Creativity, commercial nous, tenacity, personality, a sense of humour… companies aren’t easy to satisfy when it comes to what they want from the groups they appoint. Anna Richardson has the clients’ perspective on whether designers have the right strings to their bow

Design clients can pick and choose from the crème de la crème in consultancies, so a certain level of design skills is a given. For many on the client side some less tangible skills are what they’re after. ’In a funny kind of way, design and creativity almost went without saying,’ says Kate Blandford, former head of packaging design at Sainsbury’s and founder of Kate Blandford Consulting. ’You wouldn’t let [design consultancies] through the door unless they had evidence of creativity and design effectiveness – of not just having done beautiful work, but also producing sales-driving or penetration-driving work.’

At Sainsbury’s, the decision-making criteria were much more about personality and approach, explains Blandford. ’It’s a big turnoff when design consultancies want to talk about nothing but themselves, which sadly still happens a lot. They have to understand not to be self-indulgent, but to talk about what the client wants and needs, and how they can help to solve those issues.’

Clive Grinyer, director of customer experience at Cisco, agrees there needs to be a change in attitude among designers, especially if they want to succeed in the corporate sector. ’They have to tick all the boxes regarding creativity and design talent,’ he says. ’But designers also need the desire to transfer those skills to other situations and be willing to push on, in what is perhaps not always a friendly, or certainly is a less comfortable, working environment. The ability to extend your way of thinking and transfer it to different types of design is really important.’

Team work and collaboration are also high on clients’ wish lists. ’You get better output from everybody through shared knowledge and a bit of healthy creative competitiveness,’ says Blandford, while Joe Ferry, head of design at Virgin Atlantic Airways, states, ’The last thing we need is a prima donna.’

Commercial nous is equally vital to many clients. ’One of my hobby horses is how, as a nation, we are still checking graduates out of college with so little commercial knowledge,’ says Blandford. ’The whole design industry has to grow up about this – design consultancies that really understand their clients’ businesses are still fairly few. You have to have commercial skills and the people skills.’

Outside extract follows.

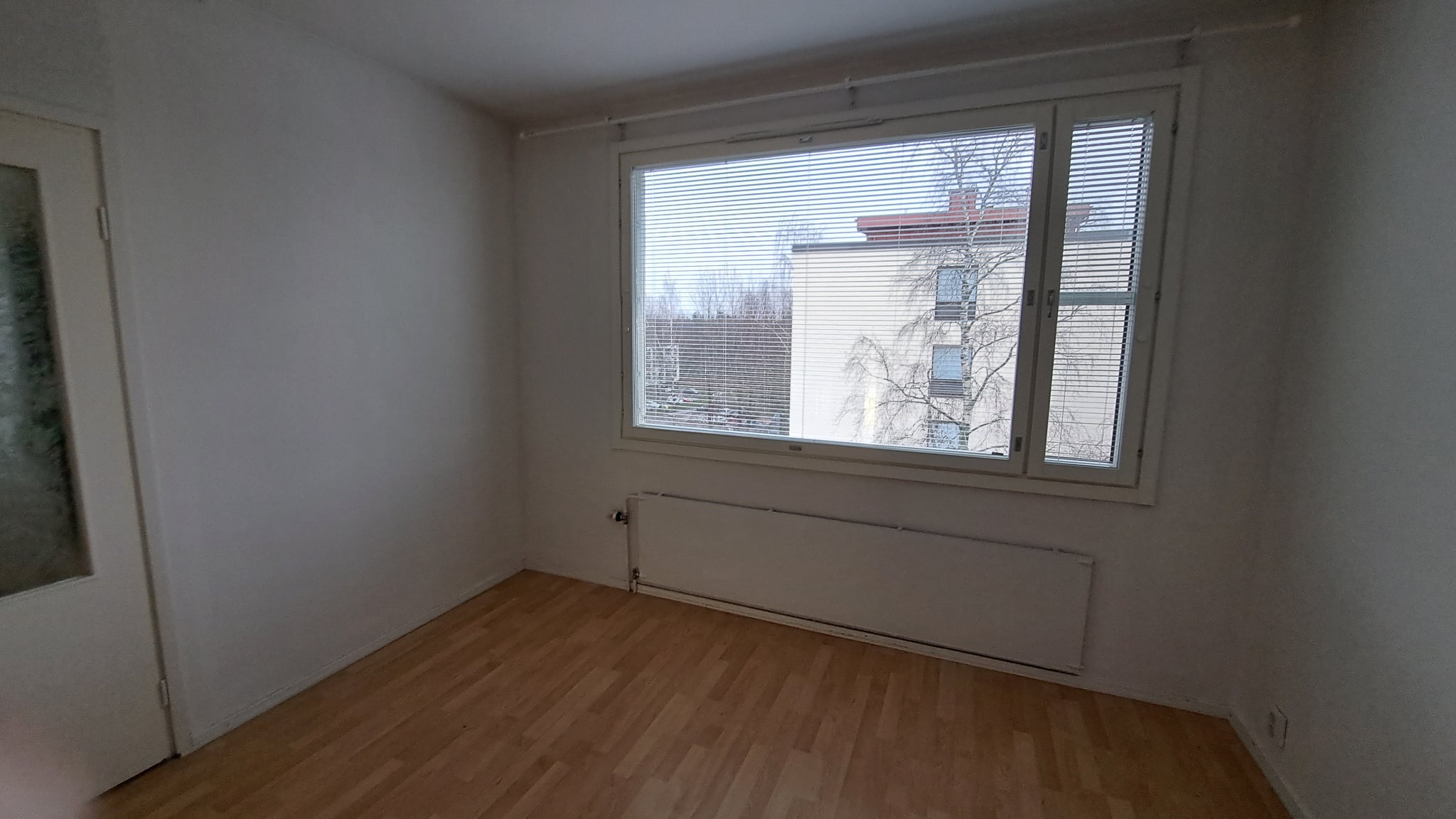 Huoneiston sisämaalaus ja lattioiden kunnostus – peruskorjaustyöt Vantaalla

Virgin Atlantic Airways, meanwhile, has an extensive in-house design team that takes care of the certification and safety constraints of the business, so outside consultancies need to bring a different dimension to the table. ’We look for designers or consultants that will invigorate our thinking,’ says Ferry. ’We like people with fresh approaches and look for outside consultants to enlighten us about new trends or paths in design.’

It’s about challenging conventions, and about perseverance, he adds, ’It takes a lot of effort and creative know-how to generate concepts that are fairly good, so to come up with the drop-dead-gorgeous concept takes a lot of energy and tenacity,’ he says.

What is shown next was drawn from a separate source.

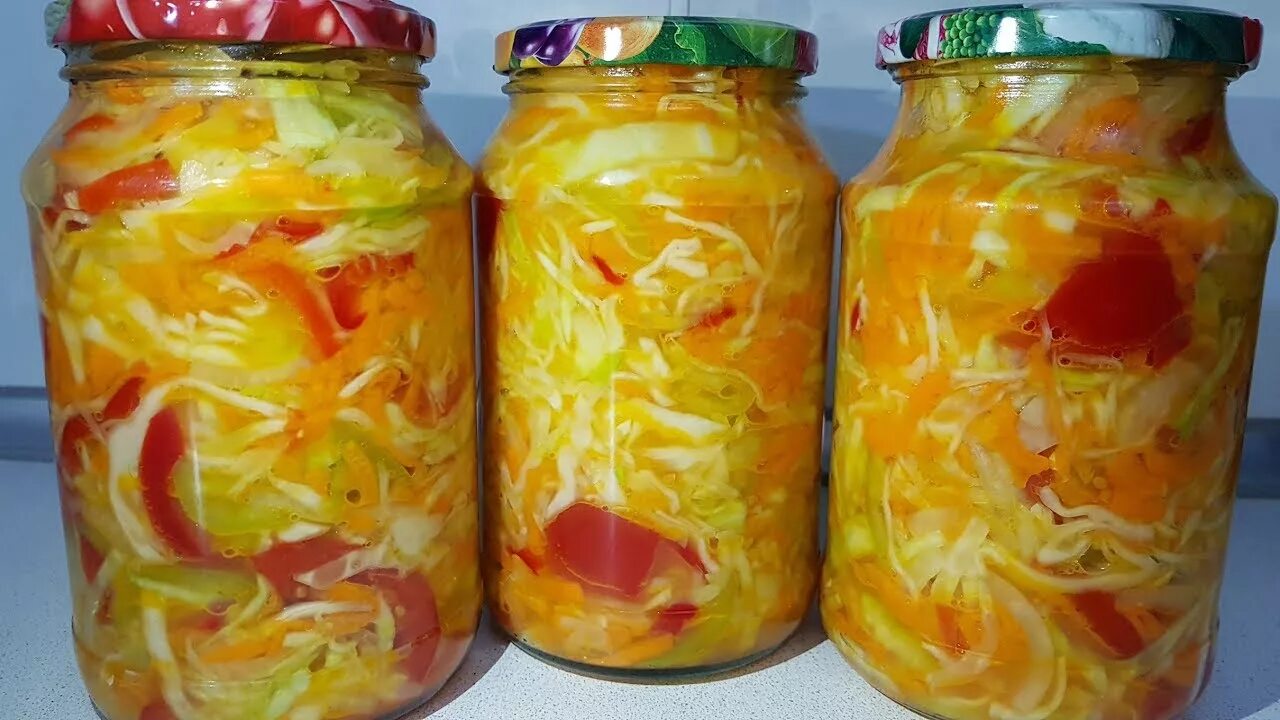 Капуста на зиму салаты фото Съедается как семечки!!! Хрустящий Салат из КАПУСТЫ НА ЗИМУ по БАБУШКИНОМУ РЕЦЕП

What is lacking among designers is often more behavioural, according to Blandford, who objects to consultancies that ’stop selling to their clients’ once they’re in place: ’Consultancies have to continue to sell and market to existing clients, to keep them on the mailing list and make sure they tell them information before it hits the press.’

New business practice also needs to improve, she adds. ’The best consultancies are those who demonstrate an understanding, a personality, a point of view and a sense of humour – and they understand that [a potential client might get] several hundred e-mails a day. If they send a complex link to click through, the chances are they ain’t going to look at it.’

One aspect that has changed over the years among consultancies pitching to secure a job is the use of technology for presentations – which means that design thinking has to take centre stage from day one. Where in the past presentation skills very much drove whether designers got a job, with the computer renderings of today ’you can make something look incredibly good very quickly’, Ferry reckons. ’So now our focus is more on the inherent integrity of a design or the integrity of a concept, rather than whether we make it look funky from day one.’